Convergence almost surely: A sequence of real-valued random variables is said to converge to a certain random variable almost surely or almost everywhere if the probability of the limit of the sequence being equal to that certain random variable is one, or in other words, for any given small number, as the sequenial index increases, the probability of the difference between the sequential random variable and that certain random variable being greater than that small number for all indices greater than the present index tends to zero.

Definition using mathematical symbols:

Convergence in distribution: A sequence of real-valued random variables, \((X_n)_1^{\infty}\), with distribution functions \((F_n)\) is said to converge to a random variable \(X\) with distribution function \(F\) in distrbution/law, denoted by \(X_n\overset{d}{\to}X\) or \(X_n\overset{L}{\to}X\), if \[\lim_{n\to\infty} F_n(x) = F(x), \; \forall x \text{ where } F \text{ is continuous.}\]

Convergence in probability: A sequence of real-valued random variables, \((X_n)_1^{\infty}\), is said to converge to a random variable \(X\) in probability, denoted by \(X_n\overset{p}{\to}X\), if \[\forall \; \epsilon>0,\; \lim_{n\to\infty} P(|X_n-X|>\epsilon) = 0.\]

Convergence in \(r\)th mean: A sequence of real-valued random variables, \((X_n)_1^{\infty}\), is said to converge to a random variable \(X\) in \(r\)th mean, denoted by \(X_n\overset{r}{\to}X\) or \(X_n\overset{L^r}{\to}X\), if \[\forall \; \epsilon>0,\; \lim_{n\to\infty} E(|X_n-X|^r) = 0.\]
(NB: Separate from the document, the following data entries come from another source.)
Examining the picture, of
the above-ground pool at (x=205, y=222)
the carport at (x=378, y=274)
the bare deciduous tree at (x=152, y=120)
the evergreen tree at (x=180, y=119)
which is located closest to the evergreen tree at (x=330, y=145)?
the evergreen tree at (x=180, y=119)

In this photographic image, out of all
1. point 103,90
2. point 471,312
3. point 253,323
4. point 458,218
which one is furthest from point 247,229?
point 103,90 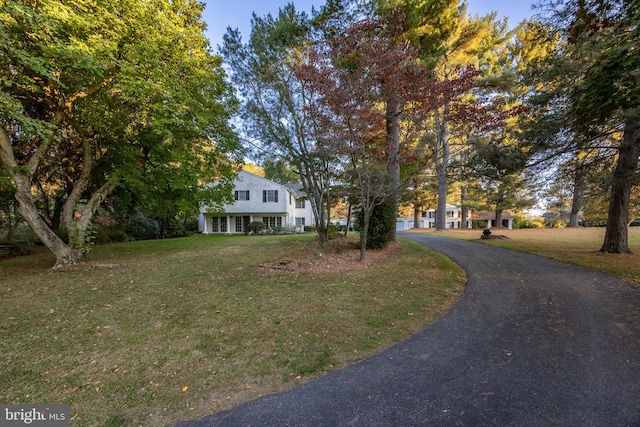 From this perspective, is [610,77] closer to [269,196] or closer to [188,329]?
[188,329]

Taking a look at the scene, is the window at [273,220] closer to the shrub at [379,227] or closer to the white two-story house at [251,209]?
the white two-story house at [251,209]

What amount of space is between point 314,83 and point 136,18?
16.6 feet

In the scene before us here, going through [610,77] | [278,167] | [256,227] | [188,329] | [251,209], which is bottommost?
[188,329]

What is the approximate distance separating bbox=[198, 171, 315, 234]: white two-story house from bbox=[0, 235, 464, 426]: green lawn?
15767 mm

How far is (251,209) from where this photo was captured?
78.1 ft

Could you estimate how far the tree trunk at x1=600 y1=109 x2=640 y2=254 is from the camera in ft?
27.3

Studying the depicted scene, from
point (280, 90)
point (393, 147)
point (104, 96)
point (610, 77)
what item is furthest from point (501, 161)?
point (104, 96)

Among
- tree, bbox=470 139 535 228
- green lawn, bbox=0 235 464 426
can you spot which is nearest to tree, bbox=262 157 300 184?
green lawn, bbox=0 235 464 426

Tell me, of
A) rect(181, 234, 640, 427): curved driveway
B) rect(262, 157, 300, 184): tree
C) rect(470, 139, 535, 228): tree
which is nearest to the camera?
rect(181, 234, 640, 427): curved driveway

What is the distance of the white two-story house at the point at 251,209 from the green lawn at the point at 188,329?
1577 centimetres

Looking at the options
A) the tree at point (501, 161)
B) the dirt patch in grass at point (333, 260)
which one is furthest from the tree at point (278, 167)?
the tree at point (501, 161)

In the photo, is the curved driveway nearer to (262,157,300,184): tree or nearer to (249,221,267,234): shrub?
(262,157,300,184): tree

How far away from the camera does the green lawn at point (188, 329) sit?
2836 mm

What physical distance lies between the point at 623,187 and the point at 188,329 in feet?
45.8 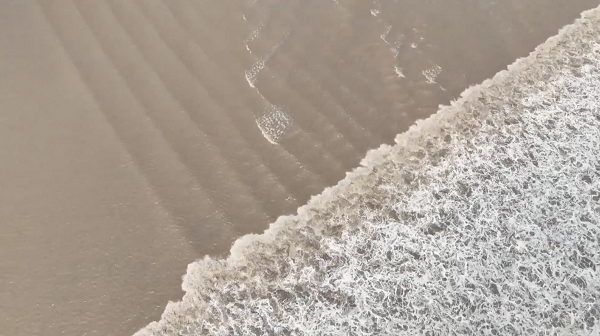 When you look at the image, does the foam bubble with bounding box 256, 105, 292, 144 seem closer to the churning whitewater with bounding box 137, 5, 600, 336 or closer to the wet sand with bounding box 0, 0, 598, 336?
the wet sand with bounding box 0, 0, 598, 336

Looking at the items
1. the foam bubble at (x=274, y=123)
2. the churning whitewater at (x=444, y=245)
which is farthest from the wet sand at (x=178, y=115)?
the churning whitewater at (x=444, y=245)

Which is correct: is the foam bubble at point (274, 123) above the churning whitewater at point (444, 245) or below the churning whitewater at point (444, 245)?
above

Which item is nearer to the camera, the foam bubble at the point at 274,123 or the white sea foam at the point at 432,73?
the foam bubble at the point at 274,123

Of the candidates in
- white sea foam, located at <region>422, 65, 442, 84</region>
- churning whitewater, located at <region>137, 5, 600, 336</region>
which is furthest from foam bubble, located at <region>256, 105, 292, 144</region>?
white sea foam, located at <region>422, 65, 442, 84</region>

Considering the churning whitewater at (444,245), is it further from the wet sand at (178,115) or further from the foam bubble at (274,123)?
the foam bubble at (274,123)

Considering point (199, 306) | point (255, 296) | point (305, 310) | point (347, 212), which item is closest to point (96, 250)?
point (199, 306)

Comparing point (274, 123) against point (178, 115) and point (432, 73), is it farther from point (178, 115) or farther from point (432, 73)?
point (432, 73) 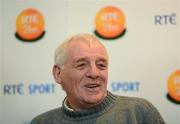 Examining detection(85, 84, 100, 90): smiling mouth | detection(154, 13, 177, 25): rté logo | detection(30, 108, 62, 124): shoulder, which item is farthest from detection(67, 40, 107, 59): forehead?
detection(154, 13, 177, 25): rté logo

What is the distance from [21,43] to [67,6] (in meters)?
0.33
Convergence almost surely: A sequence of real-valued random variables, \((X_n)_1^{\infty}\), is said to converge to a random variable \(X\) almost surely or almost everywhere, denoted by \(X_n\overset{a.s.}{\to}X\), if \[P\left(\lim_{n\to\infty} X_n = X\right)=1,\] or equivalently \[\forall \; \epsilon>0,\; \lim_{n\to\infty} P(|X_k-X|\leq\epsilon,\forall\; k\geq n) = 1.\]
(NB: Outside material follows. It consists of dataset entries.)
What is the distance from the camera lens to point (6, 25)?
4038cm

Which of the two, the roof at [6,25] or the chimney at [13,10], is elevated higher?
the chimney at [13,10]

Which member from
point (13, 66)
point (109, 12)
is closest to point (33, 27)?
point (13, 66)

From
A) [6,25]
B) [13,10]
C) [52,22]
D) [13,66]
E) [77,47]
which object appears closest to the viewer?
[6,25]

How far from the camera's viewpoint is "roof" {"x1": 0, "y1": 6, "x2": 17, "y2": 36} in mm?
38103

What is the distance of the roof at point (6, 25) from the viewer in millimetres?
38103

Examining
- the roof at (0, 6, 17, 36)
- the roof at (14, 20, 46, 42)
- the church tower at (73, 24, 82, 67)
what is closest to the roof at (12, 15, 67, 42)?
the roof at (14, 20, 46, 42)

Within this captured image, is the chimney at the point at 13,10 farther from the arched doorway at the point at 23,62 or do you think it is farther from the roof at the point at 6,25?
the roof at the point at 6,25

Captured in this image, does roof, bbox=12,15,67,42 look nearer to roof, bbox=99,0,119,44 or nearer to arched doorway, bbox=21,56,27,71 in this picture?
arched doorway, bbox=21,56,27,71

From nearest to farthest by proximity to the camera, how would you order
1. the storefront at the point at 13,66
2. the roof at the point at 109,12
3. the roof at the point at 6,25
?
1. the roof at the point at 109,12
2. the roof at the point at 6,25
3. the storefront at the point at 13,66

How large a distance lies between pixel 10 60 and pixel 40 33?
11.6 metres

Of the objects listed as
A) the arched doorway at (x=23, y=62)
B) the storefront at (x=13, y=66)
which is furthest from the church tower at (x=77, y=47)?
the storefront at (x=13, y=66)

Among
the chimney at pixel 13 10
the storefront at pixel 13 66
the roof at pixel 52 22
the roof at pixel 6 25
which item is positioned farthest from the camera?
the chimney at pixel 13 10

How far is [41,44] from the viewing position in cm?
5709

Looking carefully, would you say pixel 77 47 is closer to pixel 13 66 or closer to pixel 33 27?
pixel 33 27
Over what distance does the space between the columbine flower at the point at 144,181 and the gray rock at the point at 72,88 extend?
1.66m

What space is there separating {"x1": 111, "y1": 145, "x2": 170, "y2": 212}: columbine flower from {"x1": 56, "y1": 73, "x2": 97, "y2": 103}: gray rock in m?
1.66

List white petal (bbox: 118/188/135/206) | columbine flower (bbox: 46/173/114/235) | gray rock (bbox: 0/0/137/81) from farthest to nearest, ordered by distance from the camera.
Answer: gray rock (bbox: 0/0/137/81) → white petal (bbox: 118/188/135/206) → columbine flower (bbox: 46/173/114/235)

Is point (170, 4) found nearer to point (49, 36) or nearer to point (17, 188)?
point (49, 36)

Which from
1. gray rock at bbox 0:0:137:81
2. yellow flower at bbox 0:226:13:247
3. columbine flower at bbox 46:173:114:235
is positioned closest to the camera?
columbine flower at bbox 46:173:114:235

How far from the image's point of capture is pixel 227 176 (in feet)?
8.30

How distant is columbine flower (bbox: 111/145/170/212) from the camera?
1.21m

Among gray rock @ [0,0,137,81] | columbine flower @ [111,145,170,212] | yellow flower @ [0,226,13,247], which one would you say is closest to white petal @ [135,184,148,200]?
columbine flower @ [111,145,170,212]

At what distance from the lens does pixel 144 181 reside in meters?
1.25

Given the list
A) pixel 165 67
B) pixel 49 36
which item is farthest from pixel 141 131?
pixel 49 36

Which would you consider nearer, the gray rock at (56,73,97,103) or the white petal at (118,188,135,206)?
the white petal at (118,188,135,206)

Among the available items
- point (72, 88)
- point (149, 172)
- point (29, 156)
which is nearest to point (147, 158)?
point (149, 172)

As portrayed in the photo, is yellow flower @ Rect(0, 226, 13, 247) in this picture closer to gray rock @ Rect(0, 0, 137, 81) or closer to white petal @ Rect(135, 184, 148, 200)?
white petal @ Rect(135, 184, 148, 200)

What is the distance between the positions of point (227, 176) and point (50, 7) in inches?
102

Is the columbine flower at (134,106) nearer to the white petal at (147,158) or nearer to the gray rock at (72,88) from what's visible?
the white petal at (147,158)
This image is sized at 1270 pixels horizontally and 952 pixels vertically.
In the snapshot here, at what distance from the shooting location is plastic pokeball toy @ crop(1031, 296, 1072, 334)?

Note: Convergence in probabiliy tells that \(X_n\) becomes increasingly closer to \(X\) as \(n\to\infty\) whereas almost sure convergence tells \(X_n\) does not equal \(X\) for only a finite number of terms of the sequence after which all \(X_n\) become equal to \(X\). But we don’t know that finite number and there is no way to know in practice. So, although almost sure convergence is stronger than convergence in probability, the difference between them is more philosophical than practical. Almost sure convergence is equivalent to point-wise convergence of sequence of ordinary functions.

\[\\[0.1in]\]

Markov’s inequality

Definition in words: For a Lebesgue-integrable random variable with finite expected value, Markov’s inequality (or first Chebyshev’s inequality) states that the upper bound of the probability of a non-negative random variable being greater than or equal to a constant is the expected value divided by that constant.
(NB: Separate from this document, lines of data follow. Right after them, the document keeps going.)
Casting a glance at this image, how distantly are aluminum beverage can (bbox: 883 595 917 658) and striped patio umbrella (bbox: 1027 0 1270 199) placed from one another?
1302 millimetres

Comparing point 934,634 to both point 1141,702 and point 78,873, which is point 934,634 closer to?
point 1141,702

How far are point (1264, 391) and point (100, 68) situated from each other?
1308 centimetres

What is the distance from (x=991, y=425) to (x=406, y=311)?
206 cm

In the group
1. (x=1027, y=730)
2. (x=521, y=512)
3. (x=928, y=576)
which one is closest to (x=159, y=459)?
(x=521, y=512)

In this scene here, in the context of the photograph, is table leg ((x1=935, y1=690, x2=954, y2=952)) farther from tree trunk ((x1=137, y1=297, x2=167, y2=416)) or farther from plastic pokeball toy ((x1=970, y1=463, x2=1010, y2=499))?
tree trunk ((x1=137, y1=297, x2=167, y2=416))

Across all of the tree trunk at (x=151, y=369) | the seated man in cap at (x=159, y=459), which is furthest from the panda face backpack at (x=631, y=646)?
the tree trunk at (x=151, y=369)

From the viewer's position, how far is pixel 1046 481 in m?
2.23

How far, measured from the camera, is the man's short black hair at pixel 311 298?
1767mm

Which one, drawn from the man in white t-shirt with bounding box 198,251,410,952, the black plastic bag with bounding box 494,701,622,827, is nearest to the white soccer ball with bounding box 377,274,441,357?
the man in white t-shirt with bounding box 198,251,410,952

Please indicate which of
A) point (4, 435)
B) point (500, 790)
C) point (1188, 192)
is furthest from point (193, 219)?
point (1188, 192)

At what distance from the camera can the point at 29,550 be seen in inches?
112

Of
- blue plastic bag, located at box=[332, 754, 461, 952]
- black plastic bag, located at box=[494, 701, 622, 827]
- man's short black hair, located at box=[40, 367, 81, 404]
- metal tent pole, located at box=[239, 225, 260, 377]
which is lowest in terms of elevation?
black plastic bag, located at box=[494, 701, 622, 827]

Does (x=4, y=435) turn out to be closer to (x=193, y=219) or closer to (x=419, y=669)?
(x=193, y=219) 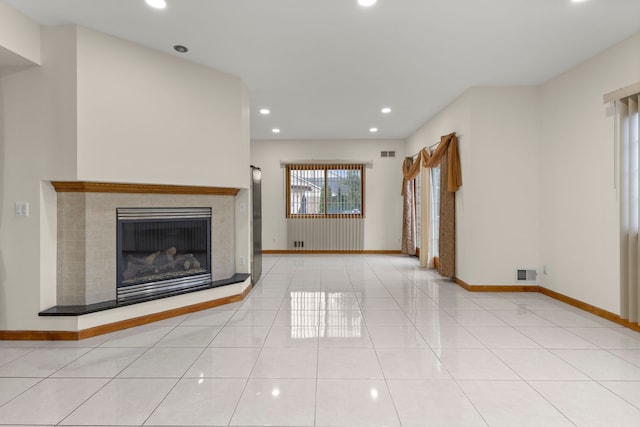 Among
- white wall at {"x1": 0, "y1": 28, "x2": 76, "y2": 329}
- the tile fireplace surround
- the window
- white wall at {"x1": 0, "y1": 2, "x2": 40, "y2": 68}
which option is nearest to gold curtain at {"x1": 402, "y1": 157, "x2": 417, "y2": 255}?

Definition using mathematical symbols: For a Lebesgue-integrable random variable \(X\) with finite expected value \(\mu\), Markov’s inequality states that \[P(X\geq a) \leq {E(X) \over a}.\]

\[\\[0.1in]\]

Chebyshev’s inequality

Definition in words: For a Lebesgue-integrable random variable with finite expected value and finite non-zero variance, Chebyshev’s inequality (or second Chebyshev’s inequality) or Bienaymé’s inequality states that no more than \(1/k^2\) of its distribution’s values may lie k or more standard deviation away from the expected value.

Definition using mathematical symbols: For a Lebesgue-integrable random variable \(X\) with finite expected value \(\mu\) and finite non-zero variance \(\sigma^2\), \[P(|X-\mu|\geq k\sigma) \leq {1 \over k^2}.\]

\[\\[0.1in]\]

Khinchin WLLN

Definition in words: For a sequence of independent and identically distributed Lebesgue measurable random variables, the (Khinchin’s) weak law of large numbers states that the mean of the random variables will converge in probability to the expected value.

Definition using mathematical symbols: For a sequence of independent and identically distributed Lebesgue measurable random variables \(X_n\) with common mean \(\mu\), the (Khinchin’s) weak law of large numbers states that \[\overline{X}_n \overset{P}{\to} \mu \text{ as } n\to\infty.\]

Note: WLLN can be proved using the Chebyshev’s inequality.

\[\\[0.1in]\]

Borel’s SLLN

Note: Historically, Borel proposed the first SLLN for Bernoulli scheme with success probability 1/2 in 1909. (The name SLLN was introduced by Khinchin later in 1927.)

Definition in words: Borel’s SLLN states that the average number of success in a number of Bernoulli trials converges almost surely to the probability of success at each trial.

Definition using mathematical symbols: If \(S_n\) is the total number of successes in \(n\) Bernoilli trials with success probability \(p\), then Borel’s SLLN states that \[{S_n \over n} \overset{a.s.}{\to} p.\]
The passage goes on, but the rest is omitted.